Twain y Kipling recibieron sendos títulos honoríficos en una ceremonia celebrada en Oxford en 1907.

entrevista con mark twain1

Rudyard Kipling

Como grupo, dais pena. Sí, es cierto que algunos ostentáis el cargo de comisariado, y otros el de vicegobernador, y algunos tenéis el V.C., y otros disfrutáis del privilegio de pasear por el Mall del brazo del Virrey, pero en esta gloriosa mañana he sido yo quien se ha reunido con Mark Twain, yo quien le ha estrechado la mano y yo quien se ha fumado un puro —no, dos puros— con él. A decir verdad, ¡he hablado con él durante más de dos horas! Que quede claro: no os desprecio, por supuesto que no. Sólo siento lástima por vosotros, del Virrey en adelante. De modo que, para aplacar vuestra envidia y demostraros que aún os considero mis iguales, os lo contaré todo con pelos y señales.

Al llegar a Buffalo me soplaron que estaba en Hartford, Connecticut, y una vez allí me dijeron «tal vez se haya ido de viaje a Portland», y más tarde un tamborilero grande y gordo me juró que el gran hombre y él eran uña y carne, y que Mark estaba pasando el verano en Europa, información que me alteró tanto que me embarqué en el tren equivocado y el revisor me puso de patitas en la calle a más de un kilómetro de la estación, en mitad de un desierto de vías férreas. ¿Alguna vez, cargados con el abrigo y la maleta, habéis tratado de esquivar locomotoras de mentalidad diversa mientras el sol os ciega la vista? Ah, no, olvidaba que jamás habéis visto a Mark Twain, ¡gente de poca monta!

A salvo de las fauces de la bestia ferroviaria, vagué sin ton ni son hasta que un extraño me dijo:

—El lugar que buscas es Elmira. Elmira, en el estado de Nueva York, lo que significa que está en este mismo estado y no a trescientos kilómetros de aquí —y añadió, en un comentario que podría haberse guardado para sí—: Apúrate, Kelley, apúrate.
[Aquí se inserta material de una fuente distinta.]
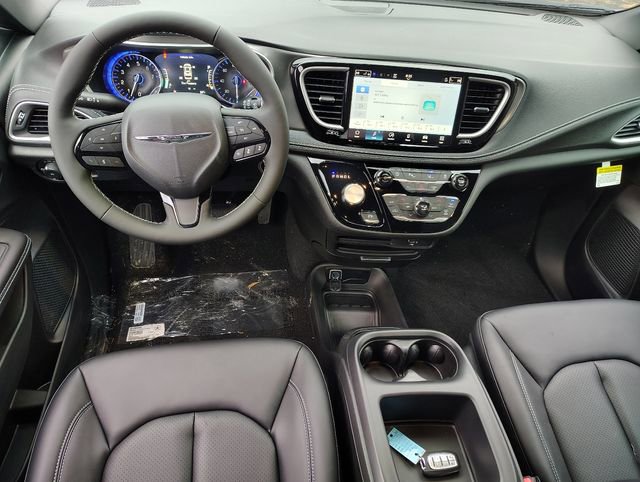 New 2026 Chrysler Pacifica Select w/ S Appearance Package FWD image 12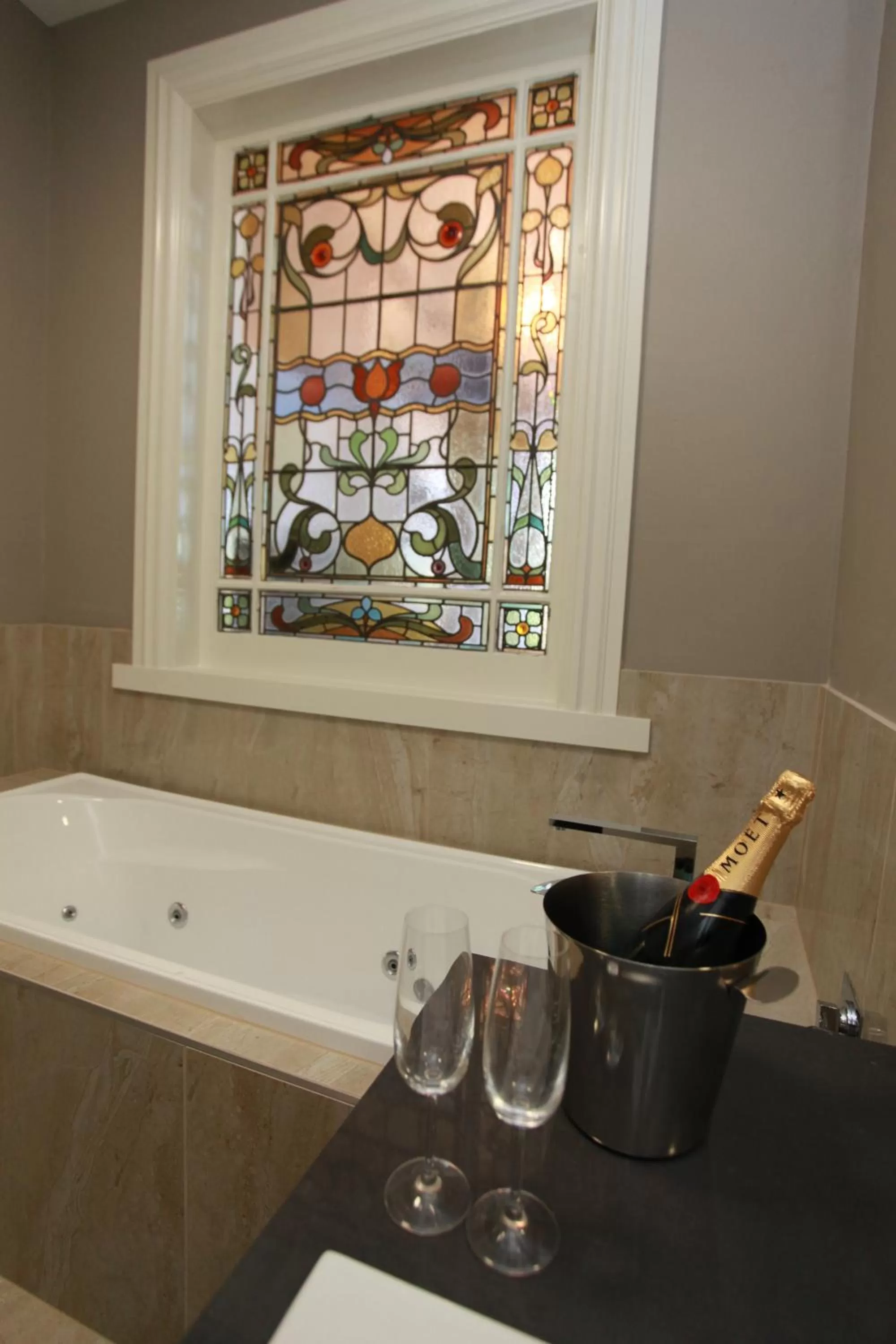 Bathroom in Ballarat Premier Apartments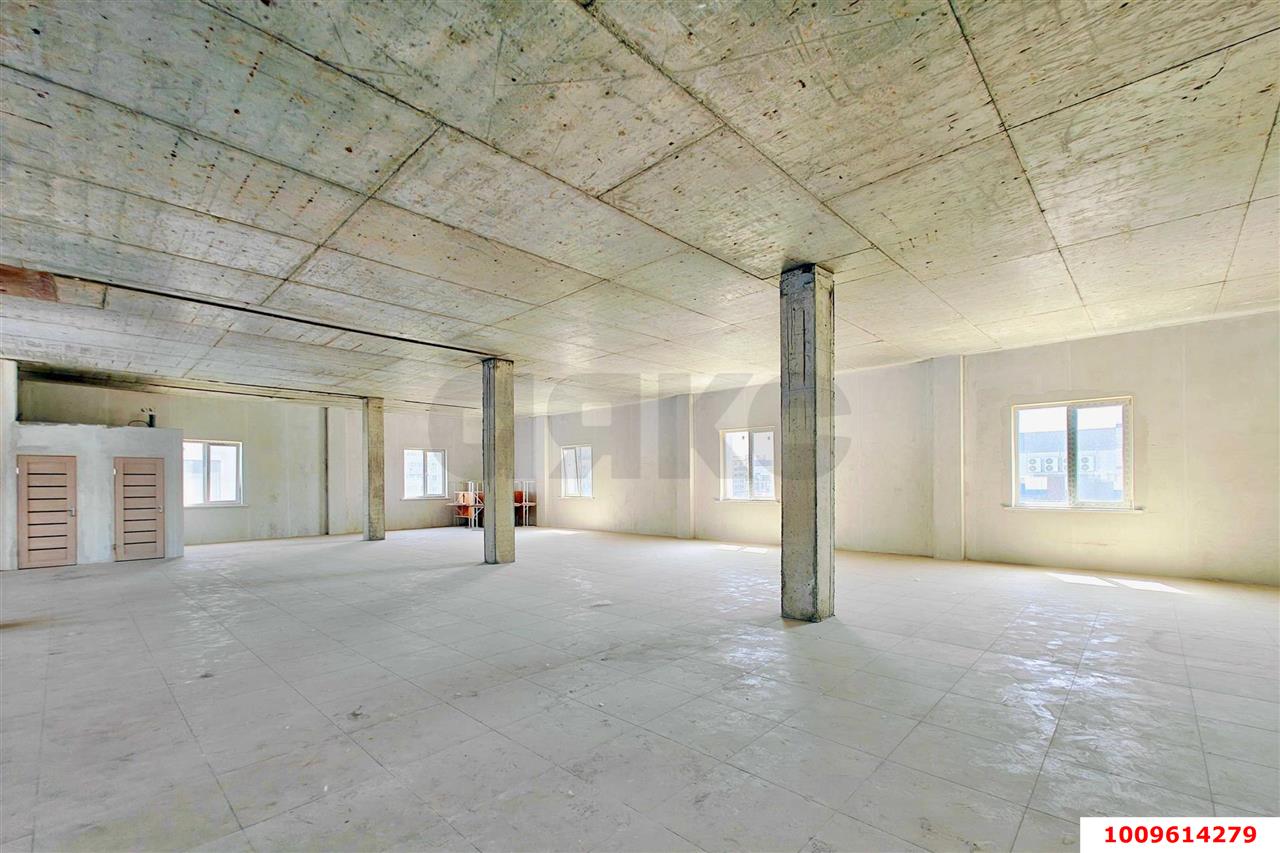 Фото №13: Отдельное здание 1500 м² - Краснодар, имени Петра Метальникова, ул. Московская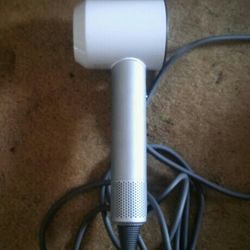 White Dyson Hair Dryer Working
Apurado, monté en un tren de la línea West Shore hasta la medianoche, para acabar en la puerta de un hotel de mala muerte en Elmira. Y sí, allí lo sabían todo sobre «ese tal Clemens», pero a decir verdad sospechaban que no estaba en el pueblo y que sin duda se había largado hacia el este, vaya usted a saber. Sería mejor que hasta el día siguiente me armara de paciencia, pues por la mañana podría buscar al cuñado de «ese tal Clemens», un tipo que al parecer se dedicaba al carbón.

La idea de ir en pos de media docena de parientes por una localidad de treinta mil habitantes para averiguar el paradero de Mark Twain me quitó el sueño. Por la mañana pude por fin ver Elmira, un paraje de calles atravesadas por las vías del tren, cuyas zonas residenciales se especializaban en la fabricación de marcos de puertas y ventanas. Estaba rodeada de pequeñas colinas espesas y agradables, bordeadas de bosques y coronadas de cultivos. El río Chemung, que corría por toda la localidad, acababa de inundar algunas de sus vías principales.

El hotelero y el telefonista me aseguraron que el tan ansiado cuñado también andaba de viaje, de modo que nadie más parecía saber dónde residía «ese tal Clemens». Más tarde descubrí que no había veraneado en aquel lugar desde hacía más de diecinueve años, por lo que, al menos sobre el papel, era un recién llegado.

Un amable policía me contó que el día anterior había visto a Twain o a «alguien muy parecido a él» conduciendo una calesa. Aquello me produjo una deliciosa sensación de proximidad. Imaginad vivir en una población donde puedes ver al autor de Las aventuras de Tom Sawyer, o a «alguien muy parecido a él», recorriendo las calzadas en calesa.

—Vive allá, en East Hill —añadió el agente— a cinco kilómetros de aquí.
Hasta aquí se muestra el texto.